» Exercise goal:
Below are the records; return exactly the lines from the one with "this 250×188 image." through the final line, both included, minus any pictures.

» Excerpted records:
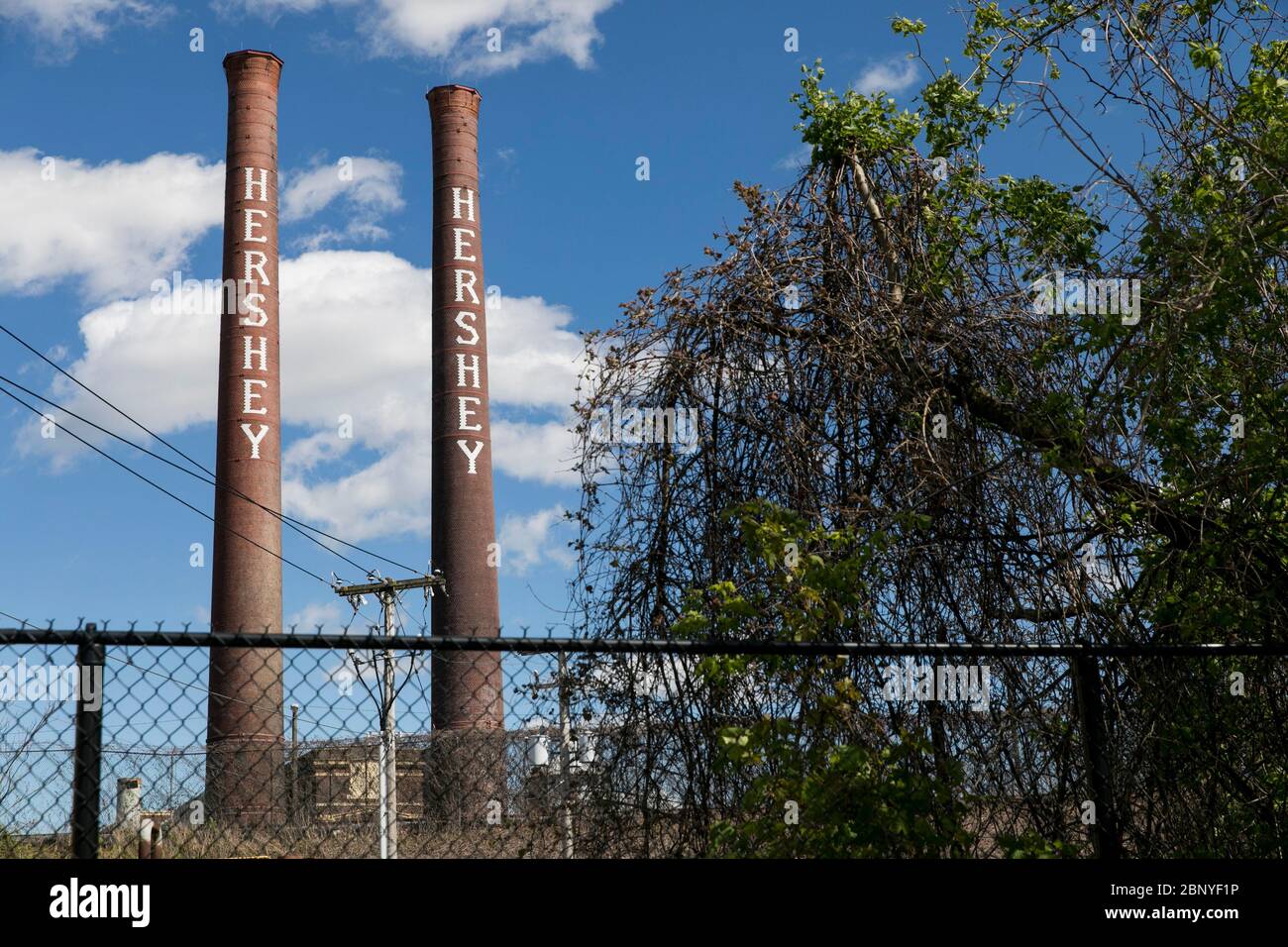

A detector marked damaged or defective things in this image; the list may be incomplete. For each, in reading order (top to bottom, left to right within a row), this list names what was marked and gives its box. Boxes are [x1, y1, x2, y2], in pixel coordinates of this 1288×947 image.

rusty top of smokestack [226, 50, 286, 69]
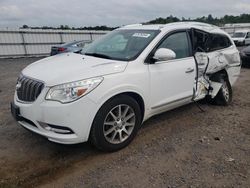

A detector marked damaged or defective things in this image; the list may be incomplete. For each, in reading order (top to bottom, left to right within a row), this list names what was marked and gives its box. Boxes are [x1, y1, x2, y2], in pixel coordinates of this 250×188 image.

damaged rear of suv [10, 22, 241, 151]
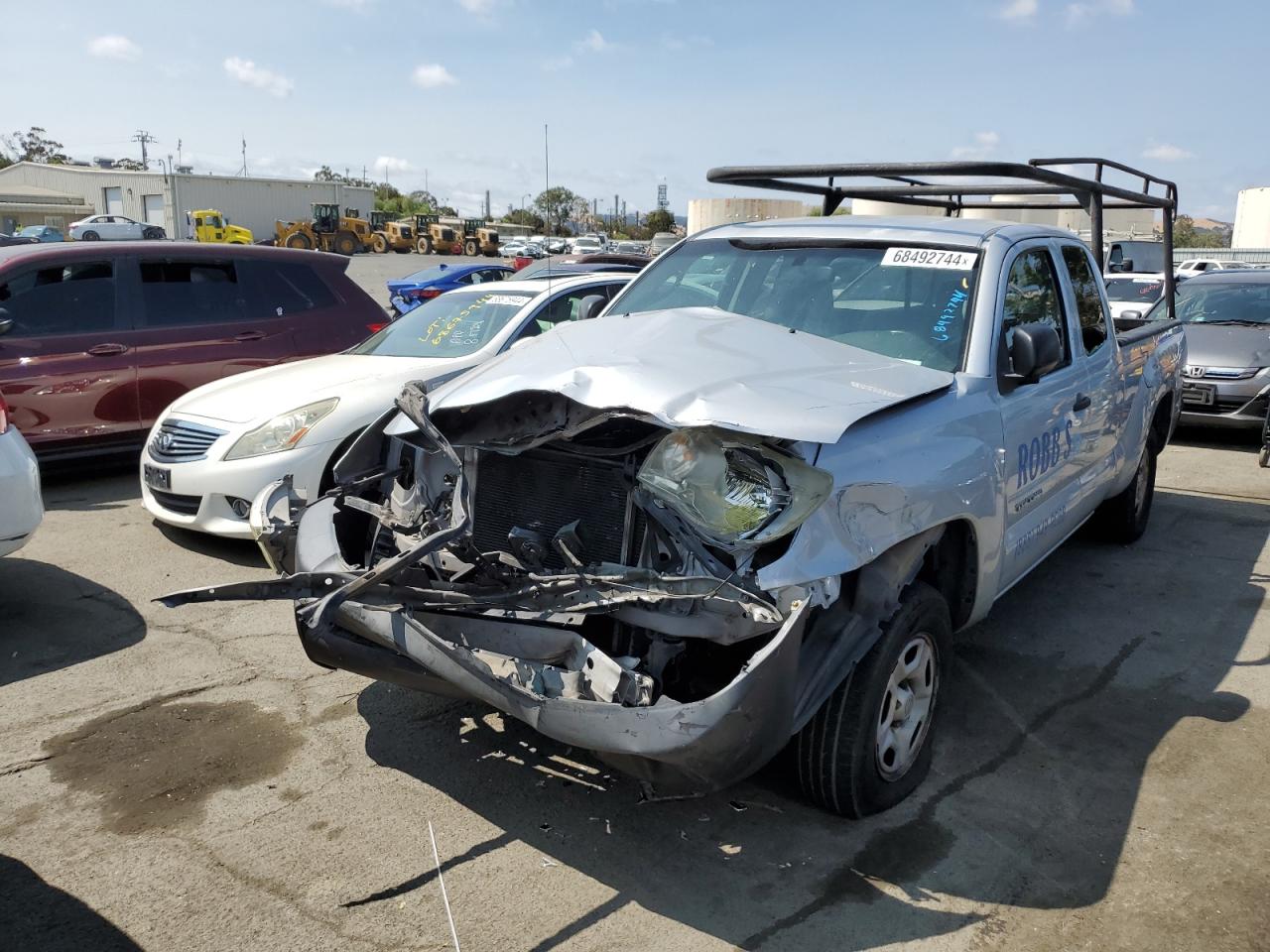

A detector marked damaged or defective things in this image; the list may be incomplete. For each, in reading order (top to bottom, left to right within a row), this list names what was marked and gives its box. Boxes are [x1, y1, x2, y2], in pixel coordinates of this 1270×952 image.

» Solution to this problem:
A detector marked damaged or defective things in this image; the list may be incomplete. For each, in reading order (top to bottom, left to right within a row), this list names what was marked and gives its box. Boxes are [x1, y1, x2, y2], in pixel coordinates of this 250×188 image.

damaged rear of suv [10, 22, 241, 151]

A detector marked damaged or defective things in this image; the list may be incomplete. For each, in reading order (top to bottom, left to right within a row), this list names what was marked and gives its box. Boxes are [x1, y1, x2, y2], in pixel coordinates of this 1270×952 image.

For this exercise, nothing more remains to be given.